Outrage & Hypergirl mini-plushes.

‘Peruse – that’s a good word. Put that in your report.’ Holly Rose nudges me conspiratorially. ‘Peruse our comics,’ we coo alternatingly, scanning the milling convention crowds for another victim to be ensnared by our sales pitch. Happily for Orang Utan Comics, the event is the London Film and Comic Con and the eager and the willing comic aficionado is in rich supply. The bright and beautiful covers of our books do half the work for us.

Ian Sharman & Domino

It’s three o’clock on Saturday and the Olympia Grand Hall is heaving. A neon-green dreadlocked cyberpunk glides past a Dovahkiin. Elsewhere, a father clutches a life-size Gremlin replica, letting his bright-eyed sprog steer him towards Star Trek merchandise.

‘We only have three Hypergirl hardbacks left,’ Ian Sharman, the co-writer of the science fiction fantasy adventure, states, marking the sales book.

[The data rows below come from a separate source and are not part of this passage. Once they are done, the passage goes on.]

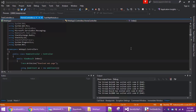The problem is IIS Express with Visual Studio 2015 potentially has a different applicationHost.config file for each project and solution, where before there was a global configuration. So I'll show you what happens.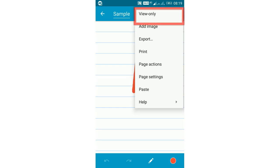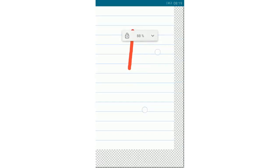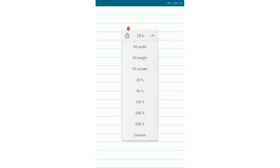The view only option is nothing but zoom in and zoom out of the page in the Squid app. In this view only option, you can only view the page but you cannot edit here.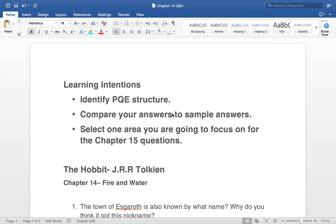We'll get into the lessons straight away and look at the learning intentions. Number one, we'll identify the PQE structure — this is something a couple of you had difficulty with. It's Point, Quote, and Explain, which is a paragraph structure for most longer questions.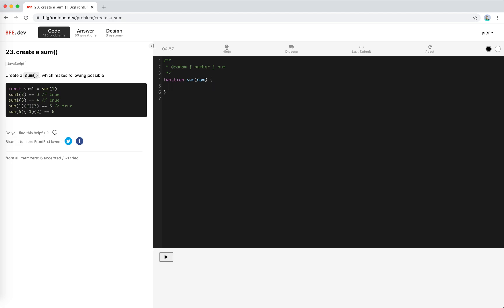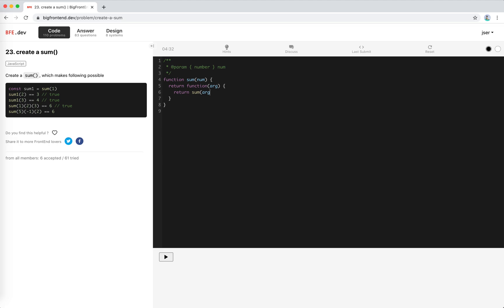So obviously I need to return a function. It will take an arg and this function, what would it return? Like sum 1 and then it will return a function that will take 2 and return a function again. So it's recursive, I'll call this sum actually. So I would say this should return sum arg, but when we sum 2 the previous 1 should be stored somewhere, right?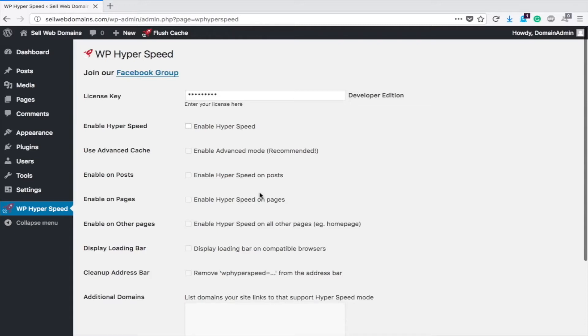Statistics have shown that if your site doesn't load within three seconds, people click away, which means you're missing out. Therefore you need to make sure your themes and plugins are well-coded and that you have it completely optimized. This plugin will help with that, however it is not going to fix a bad or poorly made site.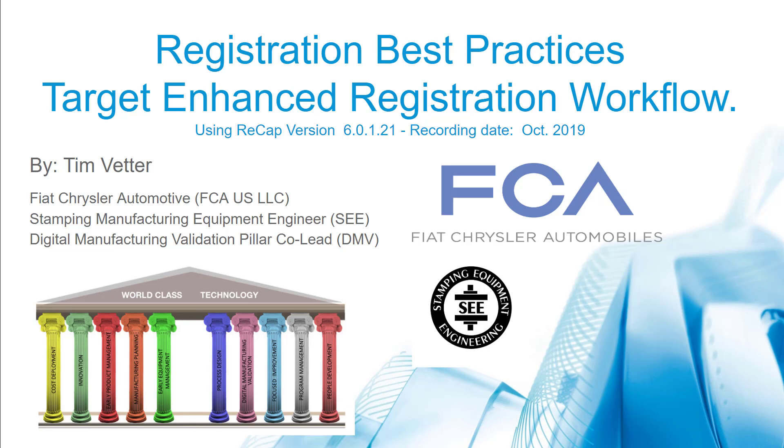Hi everyone, this is Tim Vedder with the Fiat Chrysler Automotive Group. I have some RECAP software registration best practices to share. Thanks for watching.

That Hypergirl has drawn positive public response isn’t at all surprising; the art and the vivid colours are bright wrapping for a package that delivers adventure and optimistic encouragement to the reader. It’s a coming of age story, detailing how the plot’s protagonist, the teenage Charley Matthews, lost in foster care finds her inner hero and the bravery to hold her own in the bizarre world of Weirdsville.

David Wynne and one of the many Batmen of the weekend

David Wynne, the comic’s artist sharing the writing duties, would later tweet “7 year old girl just came to table (with mum, obv) & basically fell in love with Hypergirl. Which is kind of the point of all this” At this particular moment, however, he has barely time to nod an acknowledgement; he’s half-way through his three-minute speed sketch challenge. The dark knight of the OUC table is a mysterious specimen, seemingly fuelled solely by coffee. It’s a busy weekend; needs, musts.
‘What if you don’t finish it in three minutes, what happens then? Do I get my money back?’ jokes a Teenage Mutant Ninja Turtle enthusiast, watchful of the timer on his iPhone and the flurry of pencil and marker a few feet away.
‘It hasn’t happened yet,’ David signs a headshot of Donatello with a flourish. Another happy customer. The speed sketches are attracting a lot of interest. Mr Wynne would later reflect that challengers with a wilder, more elaborate request often get a less finished and less detailed sketch than those with simpler orders. Aside from xenomorphs, ninja turtles and Batmen (it’s always a plural for David) it was the Borg Locutus who was the trickiest to fulfil.
‘How are the commissions going so far?’ I ask him later. His answer is a satisfied pat of his coin and note laden pocket.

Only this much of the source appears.